Even at the edge of sanity, she recognized herself in the water. Brown eyes bulging with fear. She spit the coppery taste flooding her mouth into the ocean. Her spit hit the reflection smack dab in the middle of its forehead.
A hand shot up out of the sea. It waved, fingers wrinkled and bloodless.
Striker screamed and stabbed at the water with her paddle, kept stabbing, trying to push her way through.
The ice barely moved.
“Don’t be stupid,” she whispered. “It was only a mangled penguin.”
Guess again.
Percy had claimed Antarctica was riddled with bodies, that someday even the suicides would have their moment in the sun. It was a place where nothing ever decomposes. History lurking beneath the surface. She imagined Seaman Oates reappearing from his long white walk, skin charred from the sun and cold. His blackened hand wordlessly beckoning her to join him.
From underneath the water something knocked on the bottom of her boat. Two slow taps, then two fast. Her mind went blank. The tiny hairs on the back of her neck came alive.
God be troubling the water.
Between two towering icebergs she spied a sliver of blue. She knew it could be a trap. Once inside, the ice might shift, crushing her in its terrible jaws. What other choice did she have?
Striker shot into the narrow sliver just in time to hear the top-heavy iceberg topple over. Everywhere the thunder of ice colliding. Even as she sped away, a familiar tingle warmed the back of her neck, the feeling of an ever-present gaze watching as she fled.
The wind picked up but remained gentle. Her shoulders ached, backside numb. She was drifting toward a magnificent blue arch, loose pieces of ice straggling behind it like a ragtag army. Despite Antarctica suddenly turning on her, Striker couldn’t help but admire the frozen archway. Once it had probably been a solid ball of ice. Over geological epochs the ocean had carved out the sphere’s interior, creating this spectacular formation. The same elements at work that had sculpted the desert monoliths in Monument Valley. Wind and endless time.
A cry pierced the silence. Her stomach dropped. She sat listening, willing her ears wide open. She could hear voices growing closer. There was something eerie about their timbre, the cries as if a crowd of people were moaning.
“Hullo!” someone called. It wasn’t all in her mind. Somebody was out there. Even in her wildest dreams she never would have conjured up a voice with such a flat midwestern vowel.

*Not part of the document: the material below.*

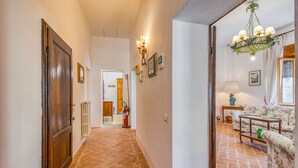 A hallway with a wooden door, a fire extinguisher, and a sofa with a floral pattern. - Chianti Classico Home Panoramic View 6, Castellina in Chianti, Italy (Castellina in Chianti)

Striker flexed her tired fingers. She took up her paddle and started toward it. “I’m coming,” she shouted. “Where are you?”
The blue arch was still visible in the distance when the other kayaks came into view. Among the whiteness the red burned like drops of blood. A pang of regret detonated in her chest. She’d been hoping for anyone else, even that freaky kid and her light brown dad, but you get what you get. Their matching old-person Him and Her sunglasses flashing like shields covering half their faces.

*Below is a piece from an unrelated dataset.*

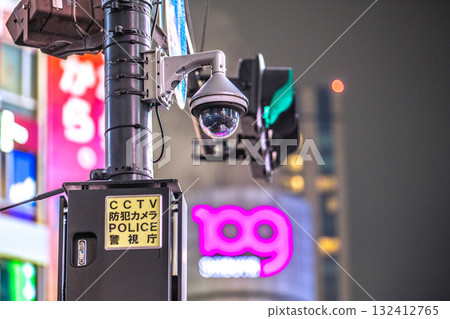 Tokyo cityscape in Japan - Security cameras on street corners. CCTV security cameras at Shibuya Scramble Crossing. POLICE Metropolitan Police Department 132412765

“Well hullo there,” boomed the Baron.
“A better greeting might be, what the hell happened and where is the Yegorov?” said Striker. She knew she sounded angry but in truth relief was flooding her every synapse.
“You say potato, I say po-tah-to,” shrugged the Baron.
“Are you for real?” she said.
“Of course we’re real,” pooh-poohed the Dame. “Why wouldn’t we be?”
This is not happening, Striker told herself for the millionth time. She blinked hard, trying to reset her vision. Jane and Robert Foley sat floating before her looking pretty much as they had earlier that morning—two rich geezers in vulcanized rubber, their expressions as though waiting for someone to bring them a highball. How could they be so chill? Weren’t they petrified by the idea that this carnival ride might lead straight to hell?